Noonday Eucharist, Chapel of the Apostles, Sewanee
Gen 13:2, 5-18
Mt 7:6, 12-14
The problem with the narrow gate is that we can’t get all of our baggage through. Think of traveling in the airport or in the subway, trying to complete a journey. You’re doing fine until you come to one of those narrow little turnstile-type gates. Perhaps you’re pushing a baby stroller; or you’re laden down by a backpack that covers you like a turtle shell; and you’re pulling a bulging suitcase so heavy that it keeps on tipping over behind you. And you’re trying to get all that stuff through as fast as you can before the bar closes back on you. It’s a real problem.

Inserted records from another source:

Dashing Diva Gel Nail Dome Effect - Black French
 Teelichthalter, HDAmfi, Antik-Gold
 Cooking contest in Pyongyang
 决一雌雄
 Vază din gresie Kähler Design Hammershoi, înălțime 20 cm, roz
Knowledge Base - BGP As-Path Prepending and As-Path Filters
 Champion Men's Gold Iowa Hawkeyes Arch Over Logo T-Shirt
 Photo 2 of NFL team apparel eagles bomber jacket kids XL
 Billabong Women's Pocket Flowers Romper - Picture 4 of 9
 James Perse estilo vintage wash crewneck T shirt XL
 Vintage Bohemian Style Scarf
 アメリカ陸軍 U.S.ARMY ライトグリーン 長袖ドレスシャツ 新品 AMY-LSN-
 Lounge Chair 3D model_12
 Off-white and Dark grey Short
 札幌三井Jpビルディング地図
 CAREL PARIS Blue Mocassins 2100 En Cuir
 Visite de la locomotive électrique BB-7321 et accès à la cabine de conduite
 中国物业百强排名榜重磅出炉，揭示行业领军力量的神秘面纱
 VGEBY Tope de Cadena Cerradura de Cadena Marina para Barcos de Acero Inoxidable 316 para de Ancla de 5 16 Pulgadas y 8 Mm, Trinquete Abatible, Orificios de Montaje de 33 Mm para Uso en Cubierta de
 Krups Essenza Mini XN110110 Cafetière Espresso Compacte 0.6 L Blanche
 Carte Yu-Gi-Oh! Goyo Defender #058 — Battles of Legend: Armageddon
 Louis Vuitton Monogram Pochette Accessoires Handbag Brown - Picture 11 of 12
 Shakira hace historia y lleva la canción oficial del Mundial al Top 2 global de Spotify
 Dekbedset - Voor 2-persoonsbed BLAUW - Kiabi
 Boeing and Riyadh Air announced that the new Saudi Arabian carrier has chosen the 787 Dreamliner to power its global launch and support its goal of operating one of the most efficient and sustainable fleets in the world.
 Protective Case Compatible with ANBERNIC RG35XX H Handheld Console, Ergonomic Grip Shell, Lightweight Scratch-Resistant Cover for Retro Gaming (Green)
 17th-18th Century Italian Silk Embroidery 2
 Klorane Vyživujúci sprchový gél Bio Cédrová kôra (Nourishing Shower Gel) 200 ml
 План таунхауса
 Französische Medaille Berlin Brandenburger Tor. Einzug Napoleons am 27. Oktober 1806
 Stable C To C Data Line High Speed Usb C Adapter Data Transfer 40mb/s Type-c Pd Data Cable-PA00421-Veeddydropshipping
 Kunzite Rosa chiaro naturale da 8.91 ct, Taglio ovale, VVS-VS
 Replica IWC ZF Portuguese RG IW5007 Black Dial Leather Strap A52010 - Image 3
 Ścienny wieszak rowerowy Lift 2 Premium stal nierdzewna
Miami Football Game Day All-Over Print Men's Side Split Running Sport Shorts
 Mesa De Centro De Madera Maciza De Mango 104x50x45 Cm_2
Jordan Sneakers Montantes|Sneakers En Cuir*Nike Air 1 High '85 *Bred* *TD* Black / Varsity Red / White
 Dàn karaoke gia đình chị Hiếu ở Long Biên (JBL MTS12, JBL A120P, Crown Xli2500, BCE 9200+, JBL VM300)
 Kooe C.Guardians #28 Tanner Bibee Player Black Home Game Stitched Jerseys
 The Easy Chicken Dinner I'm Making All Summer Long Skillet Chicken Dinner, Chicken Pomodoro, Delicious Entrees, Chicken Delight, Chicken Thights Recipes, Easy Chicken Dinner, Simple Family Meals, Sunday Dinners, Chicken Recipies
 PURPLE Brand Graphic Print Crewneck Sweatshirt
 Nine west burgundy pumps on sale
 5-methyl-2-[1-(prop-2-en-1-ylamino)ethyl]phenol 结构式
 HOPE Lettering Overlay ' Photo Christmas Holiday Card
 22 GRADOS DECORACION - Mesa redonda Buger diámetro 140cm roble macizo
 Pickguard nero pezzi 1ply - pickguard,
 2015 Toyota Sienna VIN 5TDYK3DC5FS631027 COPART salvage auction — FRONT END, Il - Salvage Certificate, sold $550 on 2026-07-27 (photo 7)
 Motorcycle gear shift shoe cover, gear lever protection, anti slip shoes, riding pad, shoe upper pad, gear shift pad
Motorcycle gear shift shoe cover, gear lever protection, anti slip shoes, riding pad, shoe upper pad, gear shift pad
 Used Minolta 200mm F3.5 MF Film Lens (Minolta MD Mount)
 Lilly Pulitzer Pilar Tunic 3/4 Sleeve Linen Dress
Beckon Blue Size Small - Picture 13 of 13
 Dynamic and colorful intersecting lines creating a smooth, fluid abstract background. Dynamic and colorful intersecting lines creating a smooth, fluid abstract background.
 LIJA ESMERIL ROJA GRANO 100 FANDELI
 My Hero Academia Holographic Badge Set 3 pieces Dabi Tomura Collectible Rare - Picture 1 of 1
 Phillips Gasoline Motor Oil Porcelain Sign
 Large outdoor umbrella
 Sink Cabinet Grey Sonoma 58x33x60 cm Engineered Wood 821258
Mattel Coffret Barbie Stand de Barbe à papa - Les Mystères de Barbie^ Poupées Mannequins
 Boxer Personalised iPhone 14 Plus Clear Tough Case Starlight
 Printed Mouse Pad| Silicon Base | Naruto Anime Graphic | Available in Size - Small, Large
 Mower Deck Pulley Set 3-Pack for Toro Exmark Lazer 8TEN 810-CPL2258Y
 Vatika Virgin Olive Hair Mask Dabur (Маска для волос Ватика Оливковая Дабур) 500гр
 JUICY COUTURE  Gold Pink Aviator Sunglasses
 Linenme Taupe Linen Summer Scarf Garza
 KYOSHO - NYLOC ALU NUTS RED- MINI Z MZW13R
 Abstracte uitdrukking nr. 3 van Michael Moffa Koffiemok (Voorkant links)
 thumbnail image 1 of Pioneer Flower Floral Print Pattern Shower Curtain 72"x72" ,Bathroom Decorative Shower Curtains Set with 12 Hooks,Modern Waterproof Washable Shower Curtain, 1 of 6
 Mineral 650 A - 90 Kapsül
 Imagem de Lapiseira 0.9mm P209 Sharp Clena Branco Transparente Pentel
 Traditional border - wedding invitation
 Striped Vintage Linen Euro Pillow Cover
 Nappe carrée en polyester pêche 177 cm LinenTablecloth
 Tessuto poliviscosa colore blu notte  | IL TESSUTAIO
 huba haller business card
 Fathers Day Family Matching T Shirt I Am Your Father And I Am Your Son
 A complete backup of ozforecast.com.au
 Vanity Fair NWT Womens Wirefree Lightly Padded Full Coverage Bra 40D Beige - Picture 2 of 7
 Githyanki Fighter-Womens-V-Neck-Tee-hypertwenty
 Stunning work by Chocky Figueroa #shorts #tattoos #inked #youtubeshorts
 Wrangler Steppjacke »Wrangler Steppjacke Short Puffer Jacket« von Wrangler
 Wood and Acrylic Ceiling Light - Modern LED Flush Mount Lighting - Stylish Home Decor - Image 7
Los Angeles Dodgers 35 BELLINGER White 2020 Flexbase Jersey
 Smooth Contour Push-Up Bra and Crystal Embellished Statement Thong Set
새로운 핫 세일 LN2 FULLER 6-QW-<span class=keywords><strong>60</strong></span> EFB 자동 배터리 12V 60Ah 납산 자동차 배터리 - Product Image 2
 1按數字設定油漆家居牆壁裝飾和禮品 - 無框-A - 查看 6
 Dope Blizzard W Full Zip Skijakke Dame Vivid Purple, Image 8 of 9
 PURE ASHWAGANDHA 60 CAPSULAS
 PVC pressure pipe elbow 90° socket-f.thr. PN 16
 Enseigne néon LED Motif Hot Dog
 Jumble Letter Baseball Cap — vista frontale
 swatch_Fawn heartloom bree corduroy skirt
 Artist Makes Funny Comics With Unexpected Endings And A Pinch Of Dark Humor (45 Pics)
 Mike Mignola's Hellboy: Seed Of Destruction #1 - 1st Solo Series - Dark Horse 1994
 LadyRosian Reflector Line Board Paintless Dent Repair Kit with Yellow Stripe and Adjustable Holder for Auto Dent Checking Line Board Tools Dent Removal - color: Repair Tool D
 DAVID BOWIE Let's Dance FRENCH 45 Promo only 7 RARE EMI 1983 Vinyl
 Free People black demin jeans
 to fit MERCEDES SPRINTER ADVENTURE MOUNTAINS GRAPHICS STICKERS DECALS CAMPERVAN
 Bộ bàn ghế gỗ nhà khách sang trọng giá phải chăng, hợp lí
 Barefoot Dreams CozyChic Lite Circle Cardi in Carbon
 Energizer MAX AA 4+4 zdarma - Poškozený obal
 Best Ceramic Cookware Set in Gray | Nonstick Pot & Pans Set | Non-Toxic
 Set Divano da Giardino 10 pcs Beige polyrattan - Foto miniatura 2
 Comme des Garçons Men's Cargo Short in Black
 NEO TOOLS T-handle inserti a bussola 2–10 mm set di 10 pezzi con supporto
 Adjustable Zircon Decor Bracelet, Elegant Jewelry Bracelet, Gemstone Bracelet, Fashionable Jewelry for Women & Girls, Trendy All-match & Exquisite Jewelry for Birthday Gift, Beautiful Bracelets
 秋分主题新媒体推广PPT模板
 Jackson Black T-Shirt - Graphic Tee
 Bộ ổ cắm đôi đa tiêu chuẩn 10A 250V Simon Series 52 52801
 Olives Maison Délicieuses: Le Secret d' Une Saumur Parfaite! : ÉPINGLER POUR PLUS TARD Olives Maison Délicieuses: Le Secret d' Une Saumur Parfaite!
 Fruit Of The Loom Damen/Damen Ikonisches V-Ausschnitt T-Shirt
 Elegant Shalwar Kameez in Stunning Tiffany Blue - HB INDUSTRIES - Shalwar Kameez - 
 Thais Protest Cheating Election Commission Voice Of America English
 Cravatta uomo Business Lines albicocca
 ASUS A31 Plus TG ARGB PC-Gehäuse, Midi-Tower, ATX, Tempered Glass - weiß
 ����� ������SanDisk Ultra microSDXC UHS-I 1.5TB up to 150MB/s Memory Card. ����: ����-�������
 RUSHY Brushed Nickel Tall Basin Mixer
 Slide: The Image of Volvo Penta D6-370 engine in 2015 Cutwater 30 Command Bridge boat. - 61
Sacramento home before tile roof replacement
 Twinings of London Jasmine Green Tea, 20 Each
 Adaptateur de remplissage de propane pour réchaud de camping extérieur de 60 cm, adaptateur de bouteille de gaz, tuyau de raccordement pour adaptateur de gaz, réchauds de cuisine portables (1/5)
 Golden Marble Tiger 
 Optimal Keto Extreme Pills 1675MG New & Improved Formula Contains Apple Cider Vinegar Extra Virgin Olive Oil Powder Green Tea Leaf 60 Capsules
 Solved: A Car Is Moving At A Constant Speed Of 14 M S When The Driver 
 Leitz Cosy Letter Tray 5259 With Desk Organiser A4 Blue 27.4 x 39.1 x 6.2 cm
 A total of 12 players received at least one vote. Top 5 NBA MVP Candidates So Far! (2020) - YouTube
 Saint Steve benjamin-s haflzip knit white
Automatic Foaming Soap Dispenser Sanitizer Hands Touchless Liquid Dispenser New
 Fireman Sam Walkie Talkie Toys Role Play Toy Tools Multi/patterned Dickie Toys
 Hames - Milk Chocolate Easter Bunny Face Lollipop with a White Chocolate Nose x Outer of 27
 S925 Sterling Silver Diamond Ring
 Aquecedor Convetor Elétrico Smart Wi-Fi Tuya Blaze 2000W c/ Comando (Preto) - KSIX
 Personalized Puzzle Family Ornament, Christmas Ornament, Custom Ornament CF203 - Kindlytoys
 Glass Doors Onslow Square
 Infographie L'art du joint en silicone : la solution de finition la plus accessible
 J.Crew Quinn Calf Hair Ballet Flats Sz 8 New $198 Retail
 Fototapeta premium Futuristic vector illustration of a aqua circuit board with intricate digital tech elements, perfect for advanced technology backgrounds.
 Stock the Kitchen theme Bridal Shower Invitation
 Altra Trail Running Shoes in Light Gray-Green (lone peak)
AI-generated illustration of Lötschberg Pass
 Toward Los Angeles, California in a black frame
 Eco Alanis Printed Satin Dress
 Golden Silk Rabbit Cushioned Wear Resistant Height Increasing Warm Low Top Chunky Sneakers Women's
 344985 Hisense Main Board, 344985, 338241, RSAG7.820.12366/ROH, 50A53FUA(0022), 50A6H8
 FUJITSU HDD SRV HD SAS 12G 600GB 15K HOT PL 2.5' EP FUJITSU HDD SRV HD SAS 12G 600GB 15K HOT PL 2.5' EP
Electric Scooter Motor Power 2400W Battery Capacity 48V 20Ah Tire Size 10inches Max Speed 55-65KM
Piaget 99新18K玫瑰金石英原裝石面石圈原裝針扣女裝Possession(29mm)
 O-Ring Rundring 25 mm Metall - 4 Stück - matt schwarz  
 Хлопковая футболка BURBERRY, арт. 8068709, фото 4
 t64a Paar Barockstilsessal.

Think of the brave pioneers heading west to California, wide covered-wagons piled high with beds and dressers and their most treasured possessions. They did fine until the mountains of the Sierra Nevada closed in on them, and the twisting, turning path got narrow, and the rains turned the dust into mud that buried wheels, and the snows covered the trail. The narrow way became hard to find and harder to navigate. The only ones who made it through were the ones who shed all encumbrances by the wayside, quickly, before it was too late.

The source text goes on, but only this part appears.